A Motivating Example

Let us say that you are considering opening a rideshare service to compete with Uber and Lyft. In order to prepare for a VC pitch, you need to do some market research on taxis in New York City. You do not have enough computation power to process the entire dataset on your own servers, so you look to do the computation on the Google cloud. You know that Google is considering launching their Google car in NYC, and you would rather not reveal to a potential competitor that you are considering entering the market.

Fortunately, you have plenty of tools at your disposal to hide the specifics of the computation you are running from Google’s prying eyes. Using encryption of the dataset and trusted hardware you can be confident that Google will not be able to see what kind of computations are begin performed on their machines. However, you would like to use Hadoop to run your computation in parallel, but you are worried that the way that Google’s machines communicate with each other might reveal more information than you would like.

For example, imagine that you want to see how many rides were taken on each day of the last month. A map reduce might find the list of all taxi rides which happened on each day, and send the appropriate lists to the appropriate reducers in order to count them. An unscrupulous Google employee may see how many datapoints were sent to each reducer and realize that those numbers corresponded exactly to the number of taxi rides on a given day in New York. Then this employee could go to the google car division and warn them that a potential competitor was researching entering the market.

What Would Secure Map Reduce Look Like?

The security of a map reduce system can be proved using a cryptographic game in which an adversary tries to gain access to information that he should not have by sending information to the secure model and observing the results. In the map reduce game, the adversary creates two datasets D0 and D1, and decides M and R. He then sends D0,D1,M, and R to someone using the map reduce implementation that we would like to test, and that user sends back [D], the network traffic data from the computation performed on either D0 or D1. This data will contain only the network traffic, and no information about the actual computation which was performed because the computation will be done on trusted hardware which will not reveal the computations to the adversary. It is then the job of the adversary to guess which dataset was used in the computation which resulted in [D]. If no adversary can distinguish between any pair of datasets with some reasonable amount of computation power, the n we know that it is very difficult for an adversary to gain any information about the data that was used in the computation

We will impose an additional restriction on the adversary, and propose a few conditions that the protocol must satisfy. We must force the adversary to use two datasets of the same size then hope that the adversary cannot win the map reduce game, and hope that

  1. Each mapper produces the same number of outputs
  2. Each reducer recieves the same number of inputs
  3. The output size of the reduction is independent of the data

The Solution

First, we will find a way to conceal which mappers are sending data to which reducers. Then, we will find a way to conceal how large of a job each mapper sends out and how large of a job each reciever recieves.
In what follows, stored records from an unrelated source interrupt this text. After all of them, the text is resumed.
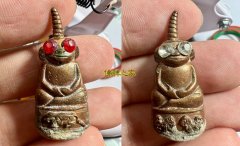 龍婆川2544年經(jīng)典口碑圣物——雙面日月拍嬰佛牌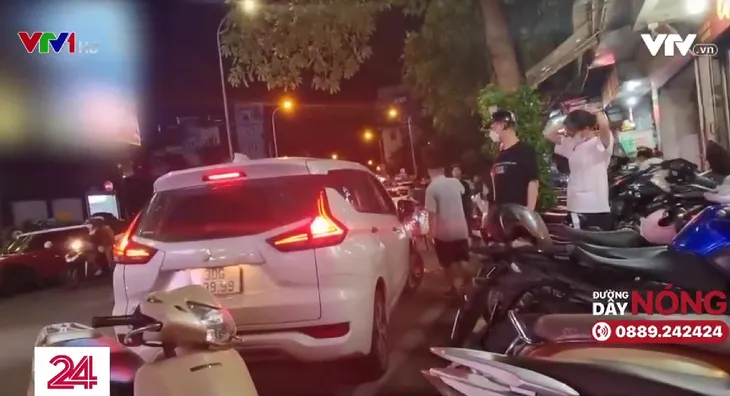 Thiếu chỗ đỗ, chủ xe rơi vào cảnh tiếp tay cho người làm trái luật - Ảnh 2. Thiếu chỗ đỗ, chủ xe rơi vào cảnh tiếp tay cho người làm trái luật - Ảnh 2.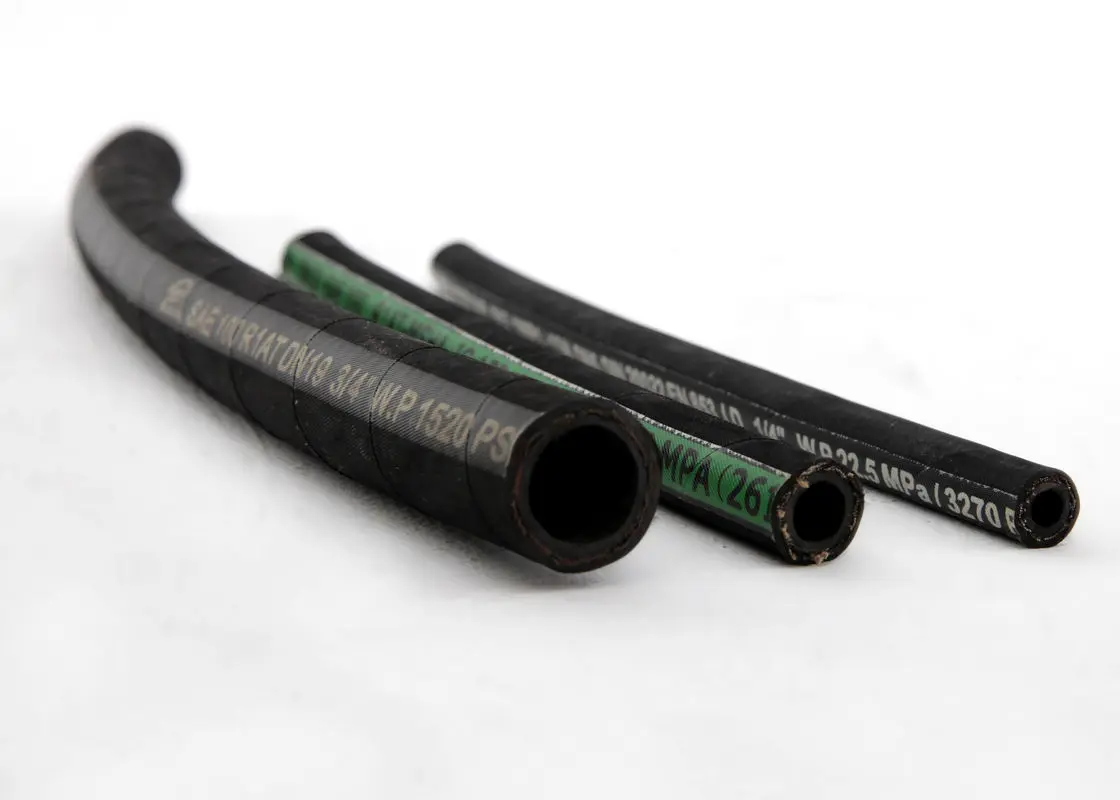                     Flexible DIN EN853 1SN Steel Wire Braided Rubber Hose for Biodegradable Hydraulic Oil                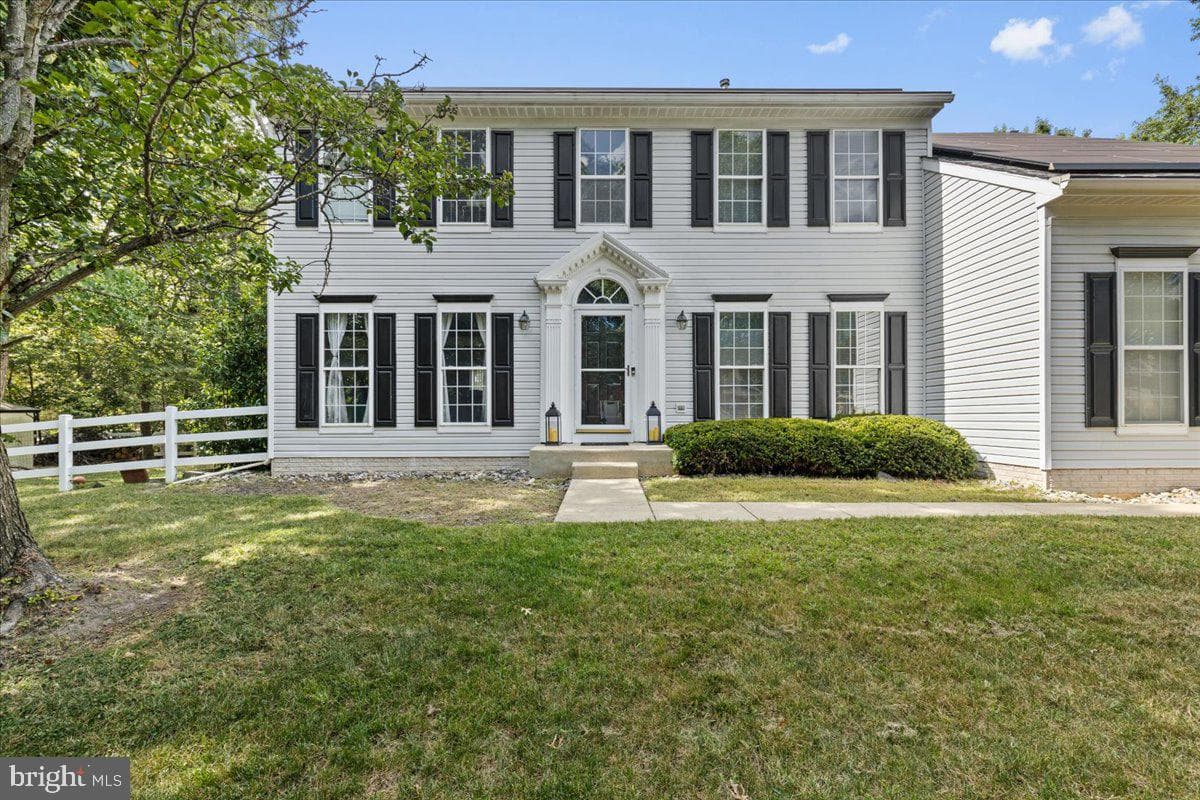 11613 Bardmoor Court photo 3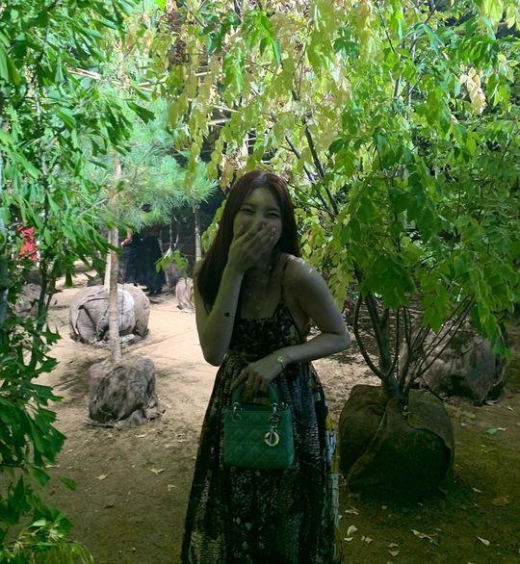 수지, 파리 패션쇼장서 빛나는 '청순 외모'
The trick to concealing which mappers are sending data to which reducers is to use another round of MapReduce to obliviously shuffle the data. Each mapper will send its outputs along with a permutation as a new mapreduce job. This job will be run on some mappers and reducers and compute the shuffle obliviously. After this shuffle is computed, we will send the output to the reducers to perform their reduce operation on. In this way, all of the mapper-reducer links are concealed.

Unfortunately, even with this modification to the protocol, the attacker can still learn information about the dataset. In particular, if one mapper outputs a lot more data than another, or if one reducer recieves an abnormally large amount of data, then an attacker will be able to tell, and use that information to make judgments about the underlying dataset.

The easiest way to fix this vulnerability is to simply determine a theoretical maximum output of any mapper, and pad every mapper’s output with dummy data in order to reach that size. Unfortunately, this method requires some knowledge of the codebase which uses the map reduce in order to run in some reasonable amount of time. The more accurately we can predict the maximum output of a mapper, the fewer unnecessary padding blocks we need to add. In addition, prior to any computation being performed, we will shuffle the data randomly, then attempt to assign jobs to mappers which balance out the amount of data output by each. For this reason, the protocol is called shuffle and balance.

Some tricks can be employed to facilitate this balancing. First, we can see that randomly assigning the data to mappers will help prevent output sizes from being correlated. This will help when we attempt to bound the maximum possible output size (with high probability). In addition, we can sample some subset of the data prior to running the map reduce on the full dataset and observe the sizes of the mapper outputs. Then, we can collect statistics on this smaller dataset, and based on these statistics estimate the maximum output of a mapper. In theory, problems could occur if the sample is not representative, but fortunately if the sample is selected randomly, the odds of a nonrepresentative sample are extremely low.

Performance

The authors tested their algorithm on several datasets, most notably a sample of taxi rides in New York over some period of time. This dataset spans over several months, and included 2.5 gb of data per month. The authors attempted to aggregate the data based on various factors in parallel on these datasets. They found that the shuffle and balance protocol ran in almost the same amount of time as a standard map reduce with no security. On the 4 month, 10gb dataset, the worst slowdown was 20%, and on the 2.5 gb dataset, the worst slowdown was 12%. This means that shuffle and balance can be implemented on fairly large datasets for only a small increase in total runtime of the algorithm.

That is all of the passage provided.